CPR Intermodal weds trains with the flexibility of local truck delivery and pick-up. It capitalizes on the benefits of safe and environmentally friendly rail transportation to replace long-haul trucking. This frees up trucks, drivers and highway capacity that can be better used for other purposes. By reducing long-haul trucking, it also reduces taxpayer-funded highway maintenance costs. A single CPR intermodal train can haul the equivalent of 300 trucks.
In 2001, CPR Intermodal generated Cdn.$801 million and 917,000 loads. Intermodal has been CPR’s leading revenue growth performer through the first three quarters of 2002, increasing $43 million or 7 per cent over the same period in 2001. Revenue has grown by nearly $200 million or 30 per cent in the last five years.

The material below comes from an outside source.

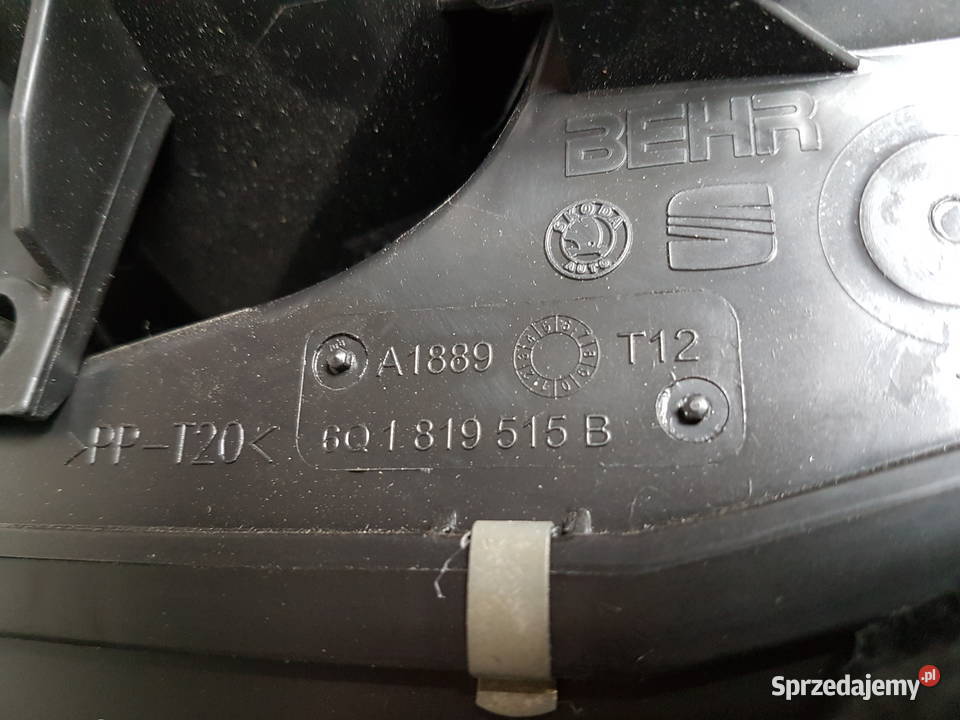 SKODA RAPID OBUDOWA NAGRZEWNICY FABIA 6Q1819515B osobowe Turek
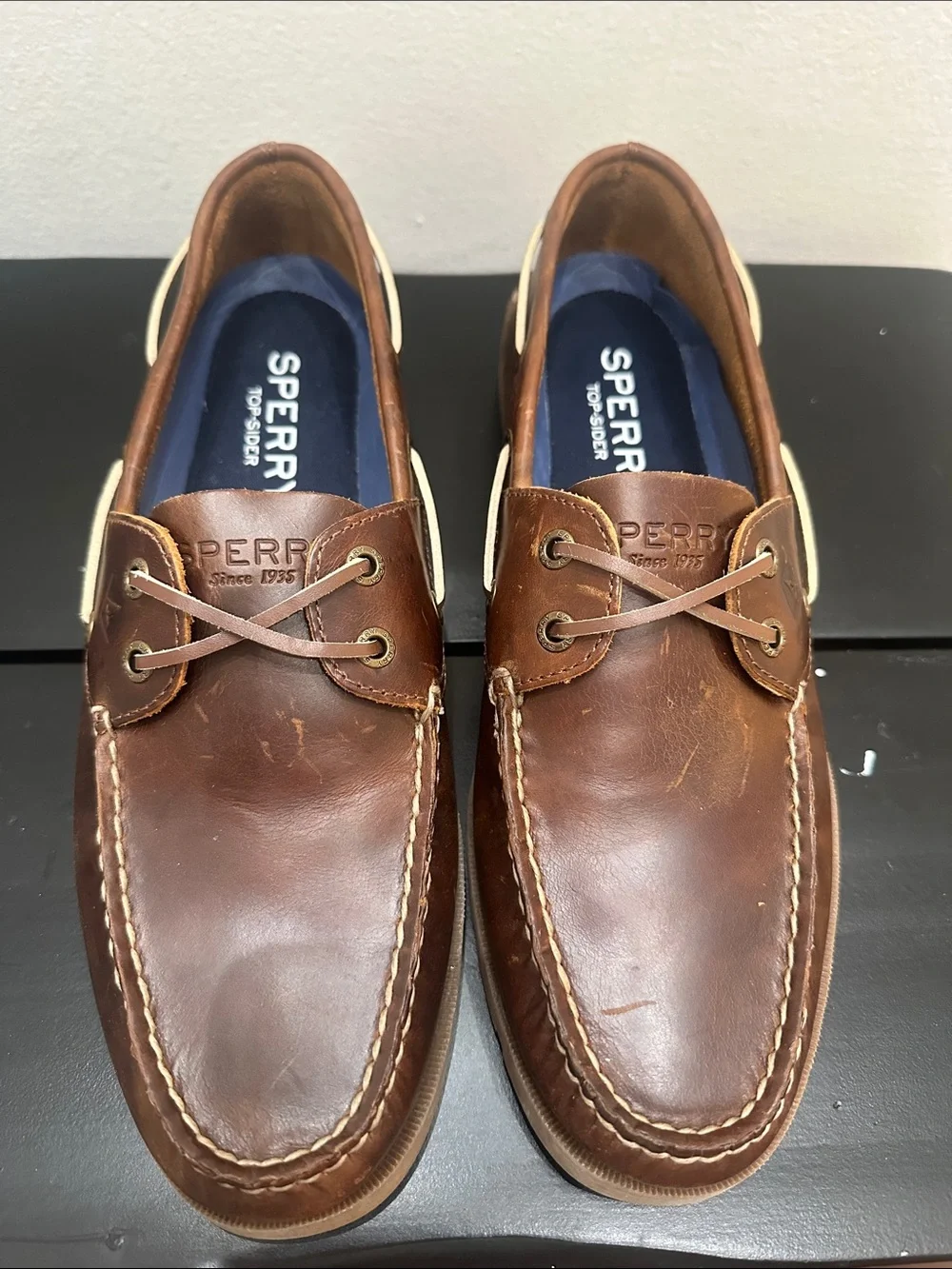 Sperry Leather Brown Boat Shoes - Men's Casual Deck Shoes 026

“We’ve been lucky to piggyback on to this service for 36 of its 50 years,” said Ron Tepper, president of Consolidated Fastfrate, Canada’s largest privately owned freight forwarder. “As a less-than-truckload carrier, we have to be able to tell shippers where their freight is every step of the way and deliver it with less than 15 minutes of leeway, even though it travels thousands of kilometres. CPR has created something no one thought possible even 10 years ago, let alone 50.”
CPR’s intermodal strength is partly rooted in the electronic customs pre-clearance systems it pioneered in the early 1990s. Detailed advance shipment data and electronic shipment tracking have made cross-border trade by rail more secure and efficient. This summer, CPR’s track record and smart clearance systems helped make it the first railway approved under Canada’s new Customs Self-Assessment program. This gives CSA-designated shippers a fast lane into Canada on CPR.
CPR’s well-timed investments in equipment, terminals and information technology have enabled it to stay ahead of intermodal’s fast-paced growth. In the last five years, CPR has rebuilt its entire intermodal infrastructure, expanding existing terminals and building new ones.
“There is still more to gain,” Allen said. “Traffic growth should continue to come from small shippers who take advantage of the same custom-designed service our larger customers have enjoyed for years. With the right combination of service and price, we can shift more traffic off the highways and onto rail to the benefit of shippers, consumers, taxpayers and CPR. Our 50 years of success proves that.
CPR’s 14,000-mile network serves the principal centres of Canada, from Montreal to Vancouver, and the U.S. Northeast and Midwest regions. CPR feeds directly into the Chicago hub from the East and West coasts. Alliances with other carriers extend CPR’s market reach beyond its own network and into the major business centres of Mexico.